▶ **Description of the task**: Go to the line below that has "Image of Hicober", print it and each line after it exactly, and stop after the line that has "Serene Japanese Pagoda"; leave out pictures.

Image-caption web data
+--

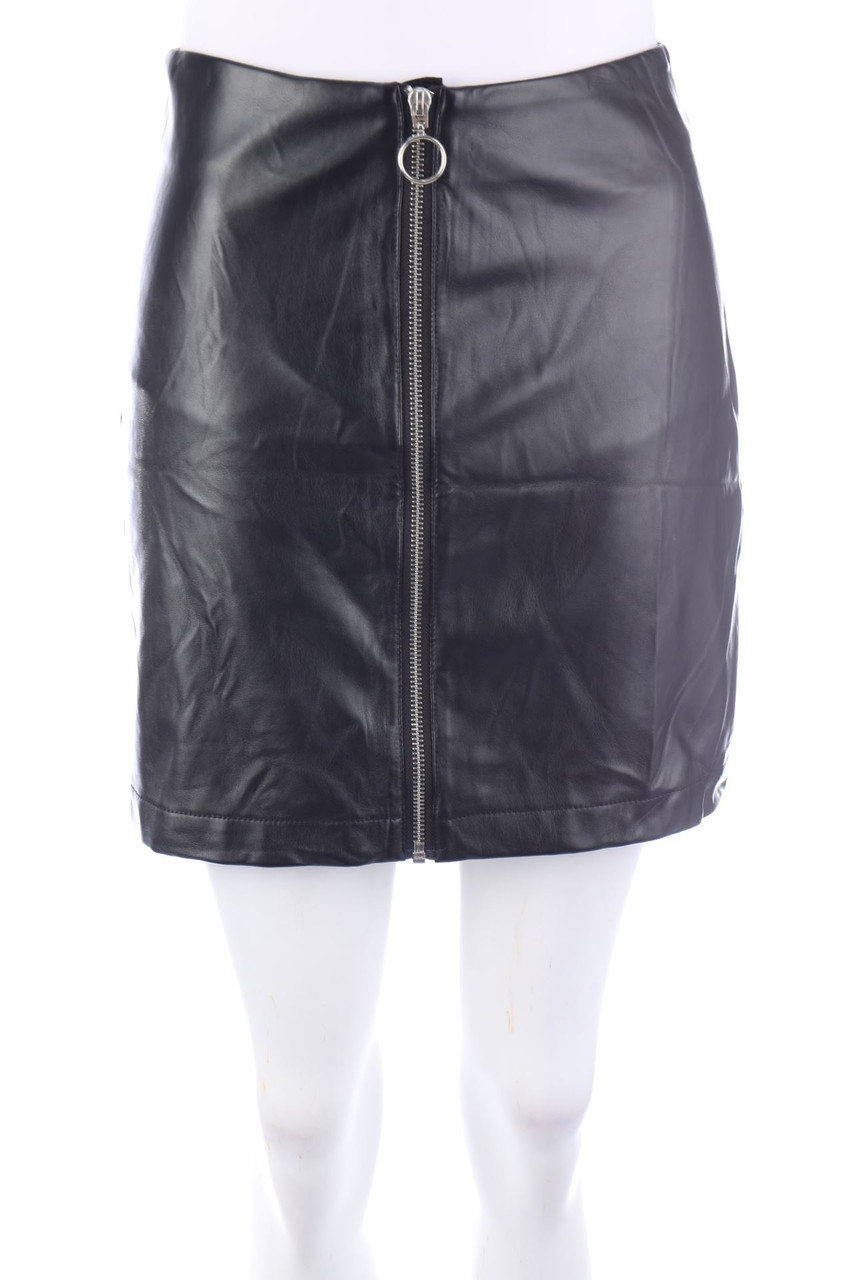 URBAN CLASSICS - Faux Leather-Mini-Rock mit Reißverschluss - S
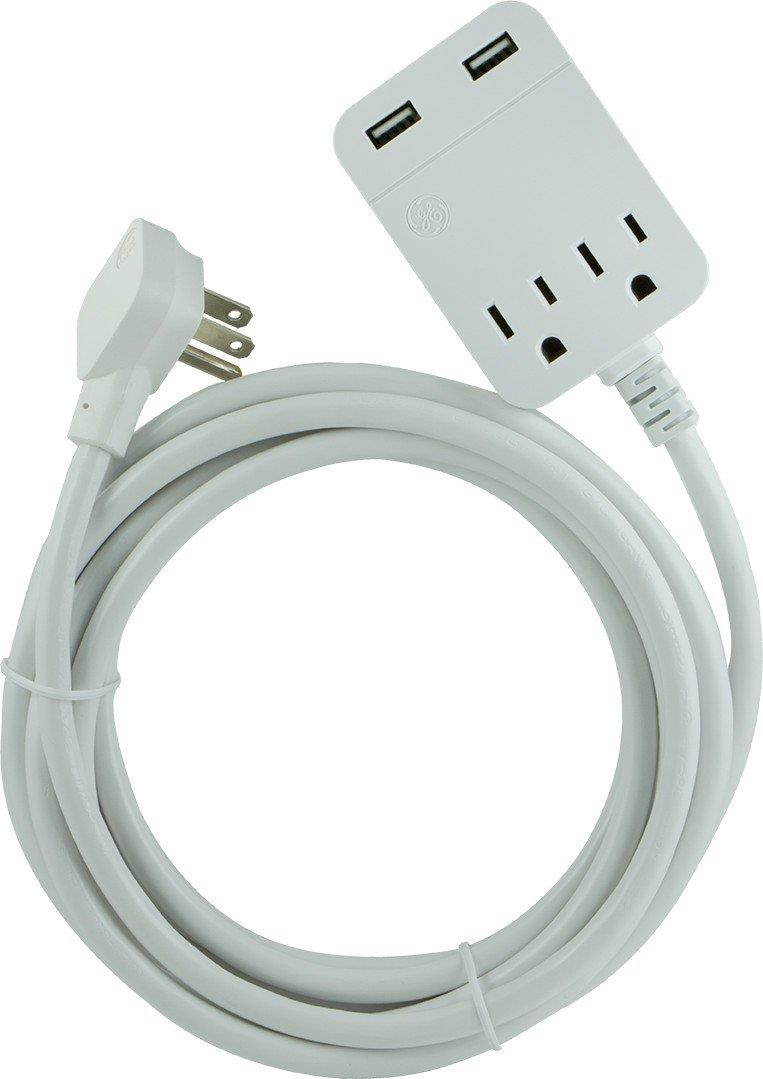 GE Pro USB Charging 12 Ft Extension Cord, Charging Station, Surge Protector Power Strip, Flat Plug, 3 prong, 2 Outlets, 2 USB Ports, 2.4 Amp, 12 Watt, 250 Joules, Wall Mount, UL Listed, White, 32089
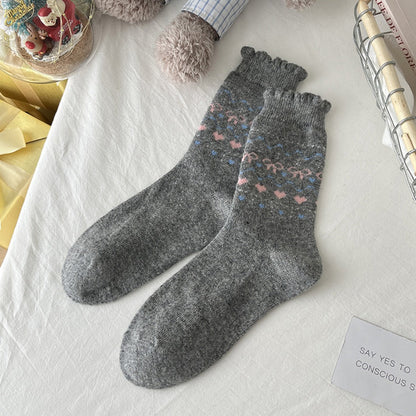 Rufia - Christmas Bow Patterned Warm Socks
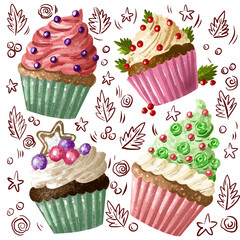 Background of four Christmas cupcakes and ingredients of traditional food for the holidays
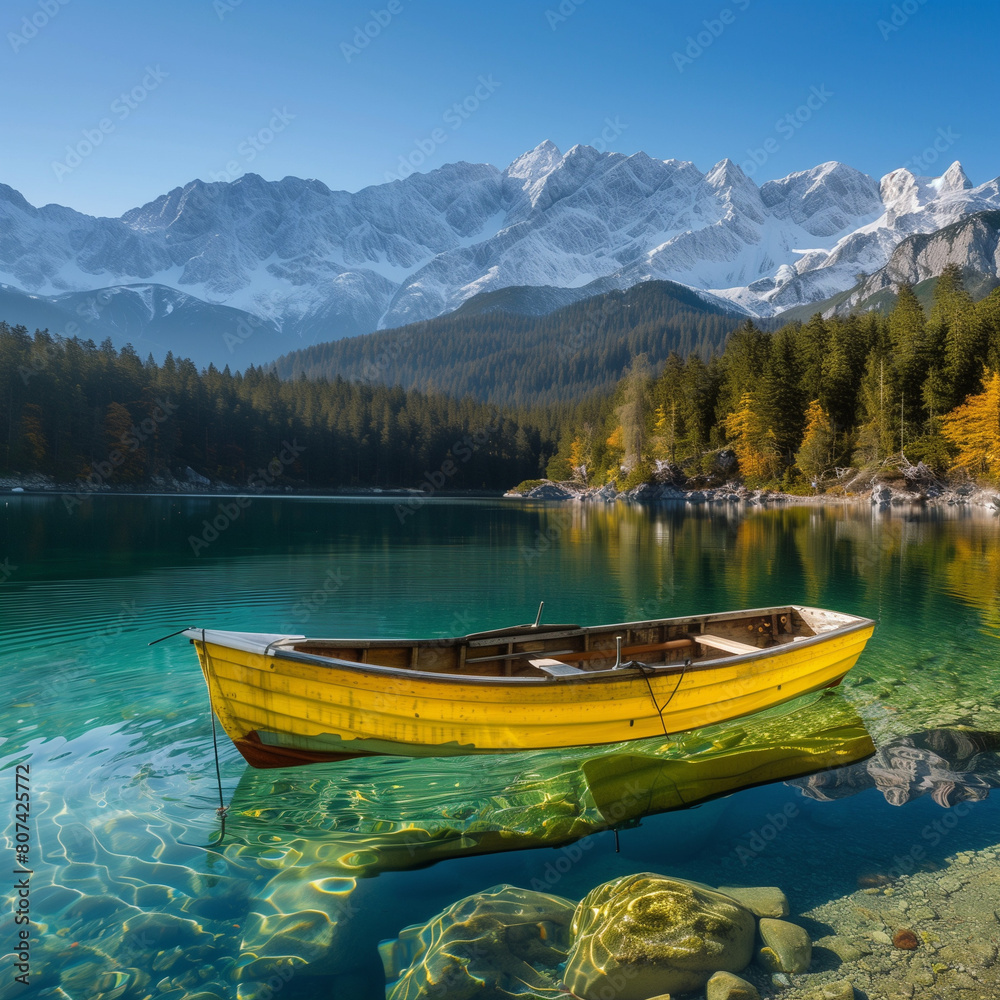 Winter Dinghy Trip in Crystal Clear Lake Against Snowy Mountains Winter Dinghy Trip in Crystal Clear Lake Against Snowy Mountains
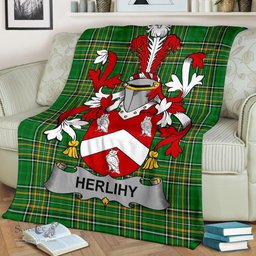 Scottish Herlihy or O'Herlihy Coat of Arms Family Crest Ireland Blanket Irish National Tartan Irish County Blanket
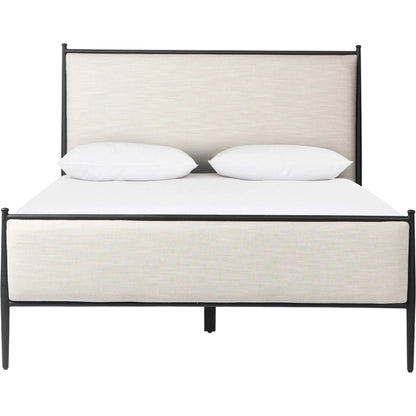 Xander Bed by Four Hands in savoy parchment, textured black iron. Made from unique in a transitional style.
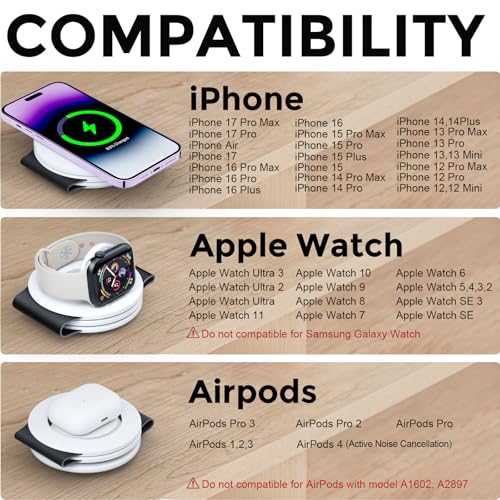 Image of Hicober 3 in 1 Charging Station for Apple Multiple Devices, Foldable Travel Wireless Charger 18W for iPhone Air 17 16 15 14 13 Pro Max Plus &Apple Watch Series /Airpods Black&White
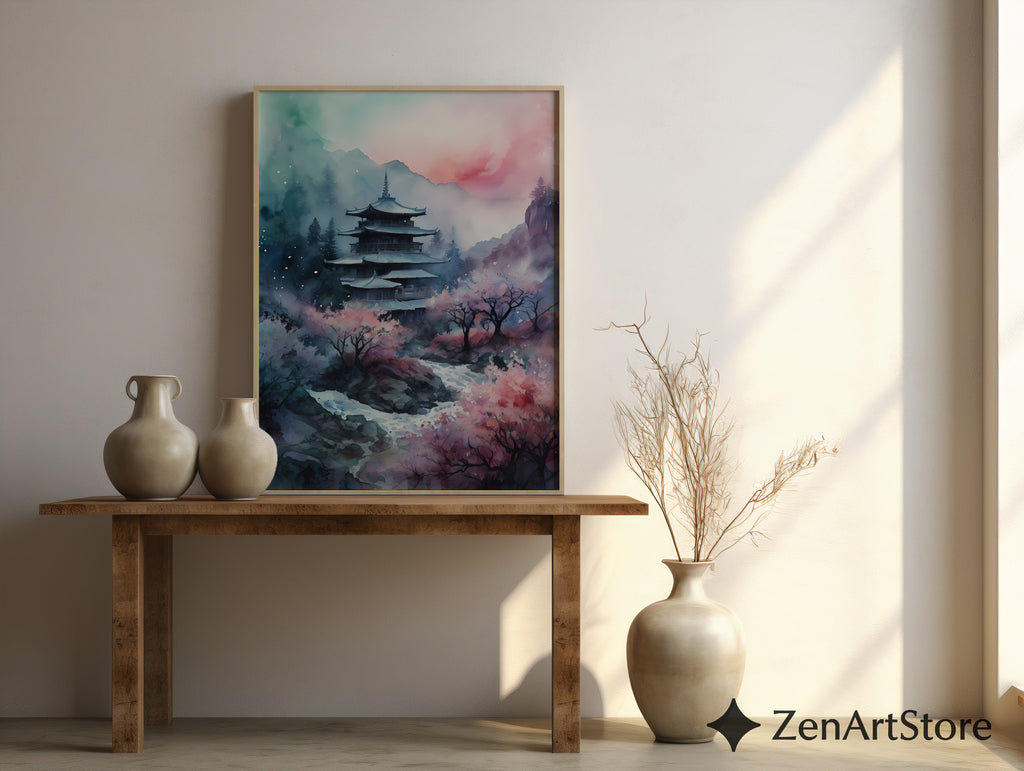 Serene Japanese Pagoda Print with Cherry Blossoms - Watercolor Zen Landscape Wall Art for Home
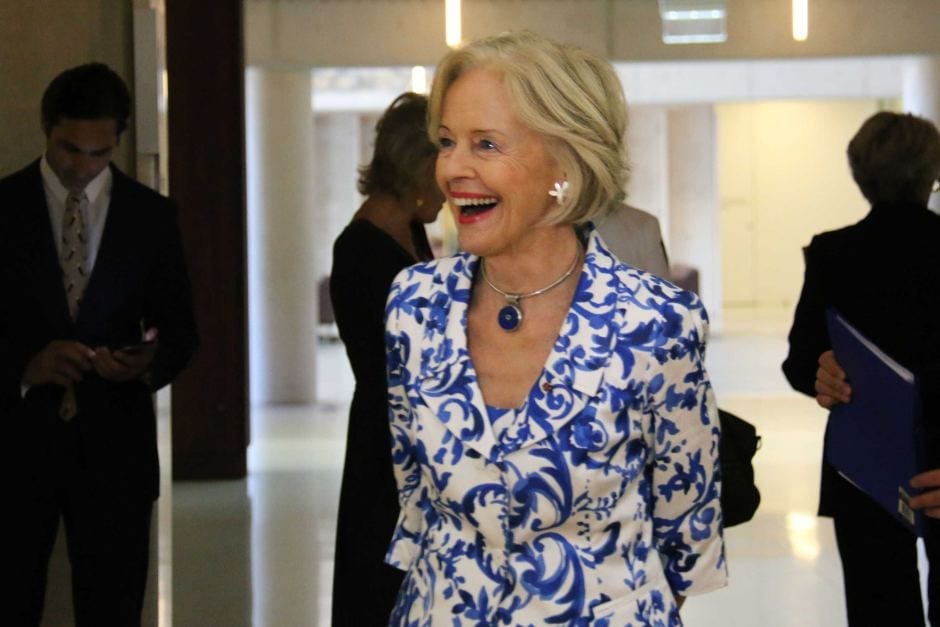 Former governor-general Dame Quentin Bryce viewing her portrait.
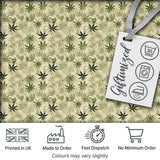 Faded Beige and Green Cannabis Leaf Vintage Seamless Pattern Digital Print Fabric by the Metre UK Sewing Quilting Textile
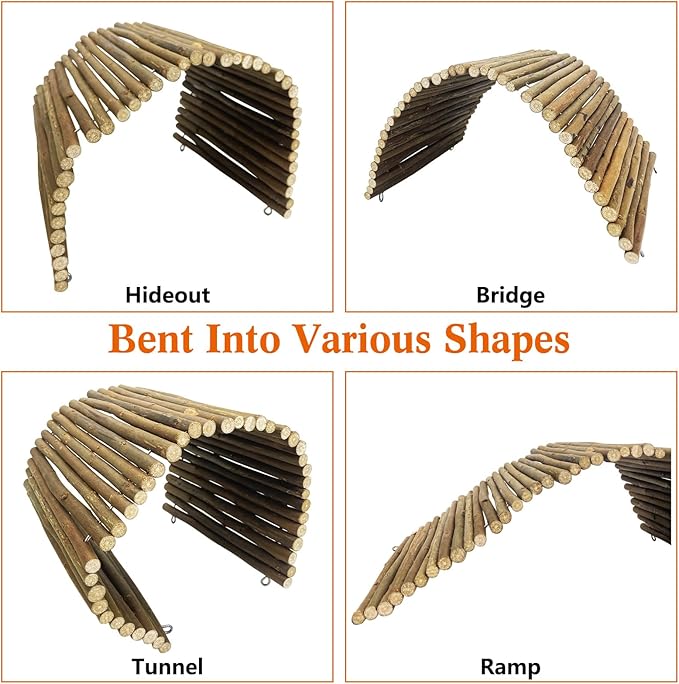 BNOSDM Large Reptile Hide Tortoise Hideout Bearded Dragon Wooden Bridge Snake Climbing Tunnel Habitat Decor for Lizards Spiders Gecko Ball Python (19.7x9 in)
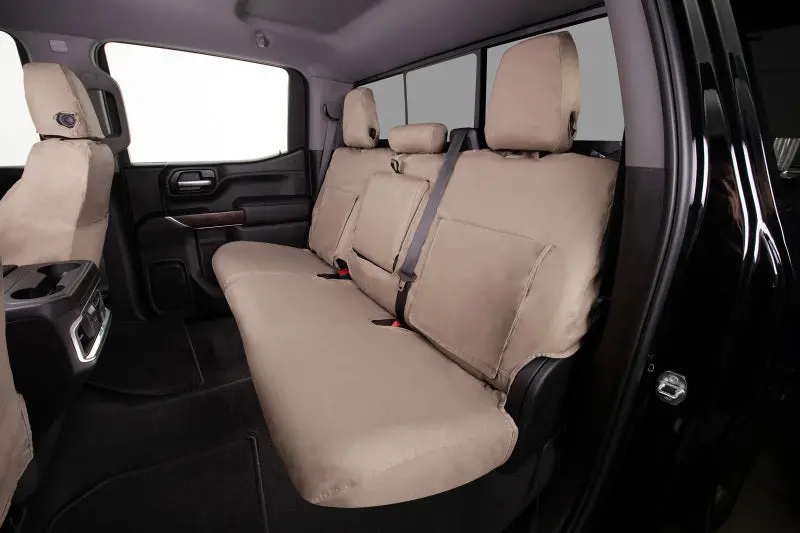 Covercraft Seatsaver Custom Front Row Seat Covers For 2008–2010 Ford F-250/F-350 — Taupe Polycotton Fabric 1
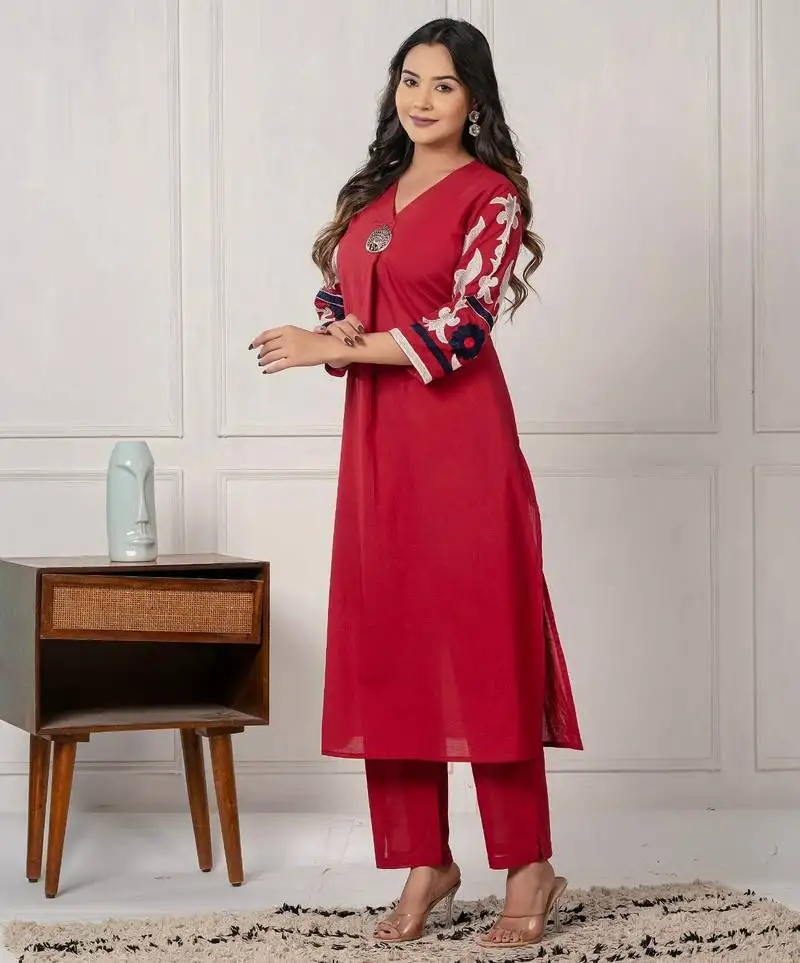 Cardinal red embroidered cotton kurta sets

+--

▶ **Answer box**:
 Image of Hicober 3 in 1 Charging Station for Apple Multiple Devices, Foldable Travel Wireless Charger 18W for iPhone Air 17 16 15 14 13 Pro Max Plus &Apple Watch Series /Airpods Black&White
 Serene Japanese Pagoda Print with Cherry Blossoms - Watercolor Zen Landscape Wall Art for Home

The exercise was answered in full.